Enfin une vie de juif
– Quand j’étais tout jeune, je m’engageai dans l’armée. Le zèle que je montrai me valut un avancement rapide ; de grade en grade, je parvins à être nommé officier de la garde personnelle du roi. J’avais jugé opportun de ne révéler à personne que j’étais israélite. Aussi mes collègues me prenaient-ils pour l’un des leurs. Je finis par en être persuadé moi-même, si bien que lorsque les autres officiers se moquaient des Juifs, je faisais chorus, ne doutant pas que c’était faire preuve d’une grande intelligence que d’adopter une telle attitude. Et même quand mes camarades passaient aux actes, je n’hésitais pas, j’étais à leurs côtés. Mes frères, mes frères juifs ! cria-t-il soudain, aidez-moi à revenir au judaïsme ! Je veux vivre à nouveau comme un Juif ; quel qu’en soit le prix, tout ce que vous m’ordonnerez, je m’y soumettrai. D’avoir entendu le Rabbi de Berditchev m’a ouvert les yeux. Je sens de toutes mes fibres que je suis des vôtres. Je vous en supplie, croyez-moi et montrez-moi le chemin.

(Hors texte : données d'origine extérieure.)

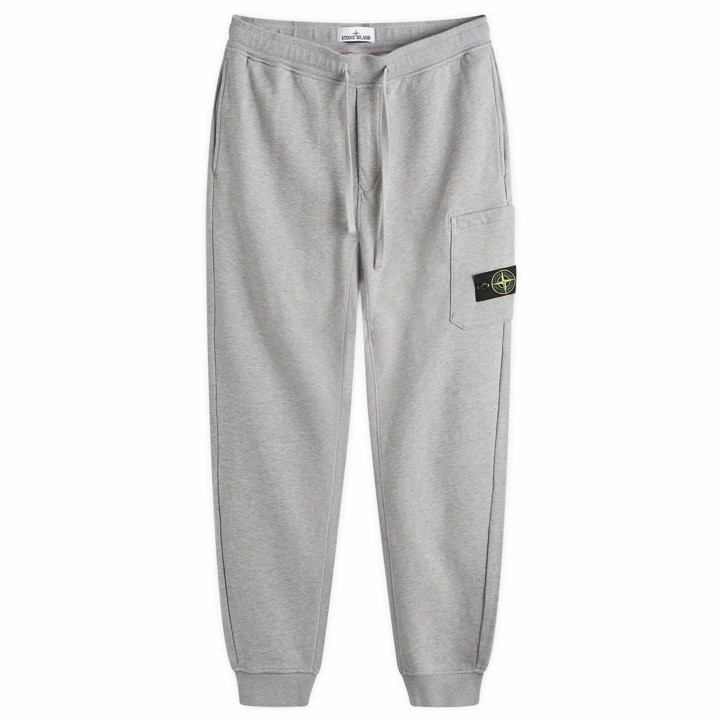 Photo: Stone Island Men's Cotton Fleece Garment Dyed Pocket Jogger in Melange Grey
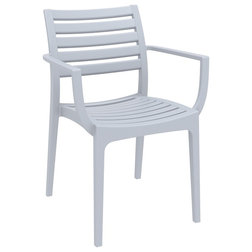 Transitional Outdoor Dining Chairs by Compamia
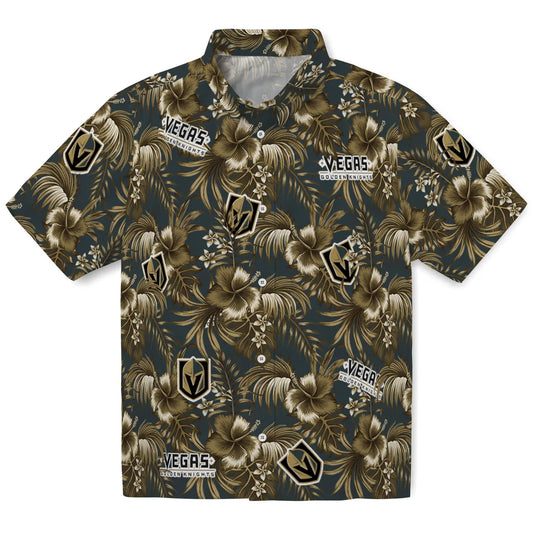 Vegas Golden Knights Hawaiian Shirt - Hibiscus Exotic | Moonbestprint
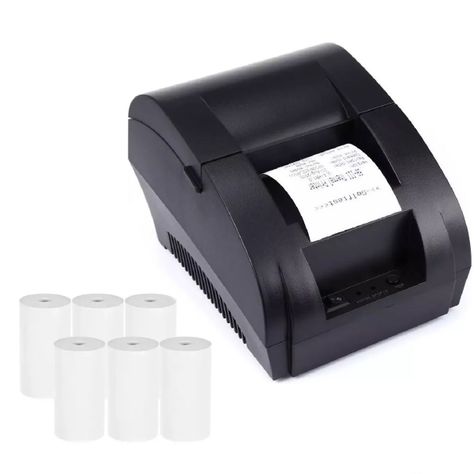 Impresora Boletas Sii Usb Rollo 58mm T Tickets + 6 Rollos-0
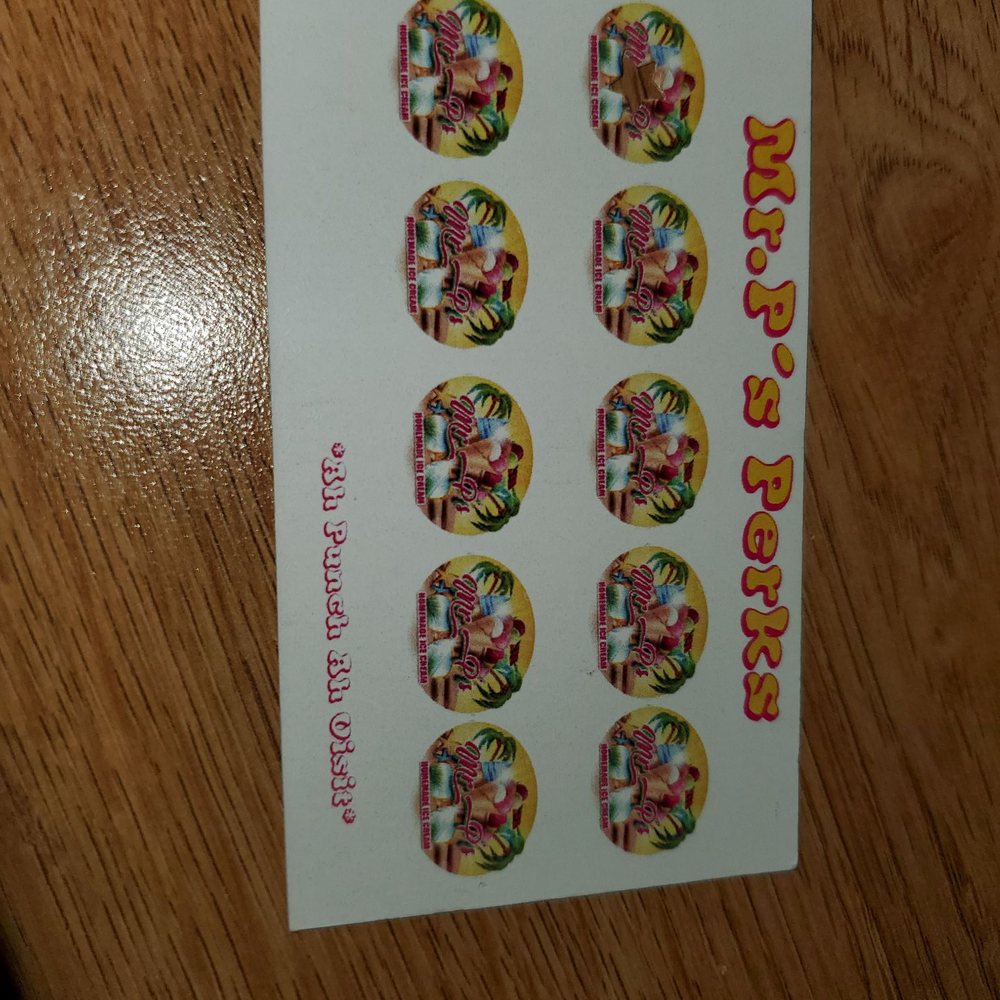 Mr Ps Ice Cream Shop - Punch card - Ice Cream & Frozen Yogurt Near Me - Brooklyn, New York Mr Ps Ice Cream Shop - Punch card - Ice Cream & Frozen Yogurt Near Me - Brooklyn, New York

Les disciples conduisirent le riche propriétaire dans la chambre de Rabbi Lévi Yits’hak, puis ils se retirèrent, les laissant seuls.
Ce ne fut que plusieurs heures après que le Rabbi parut et donna ses instructions au cocher afin qu’il préparât la voiture qui devait les ramener à Berditchev.
L’homme ne tarda pas à vendre ses propriétés et ses terres et, sans en souffler mot à ses amis et voisins, il disparut. Rabbi Lévi Yits’hak et ses disciples eussent pu toutefois leur apprendre, s’ils l’avaient désiré, que le puissant propriétaire consacrait désormais tout son temps à apprendre à redevenir un bon Juif ayant la crainte de D.ieu, et que déjà il faisait la fierté de ses frères juifs.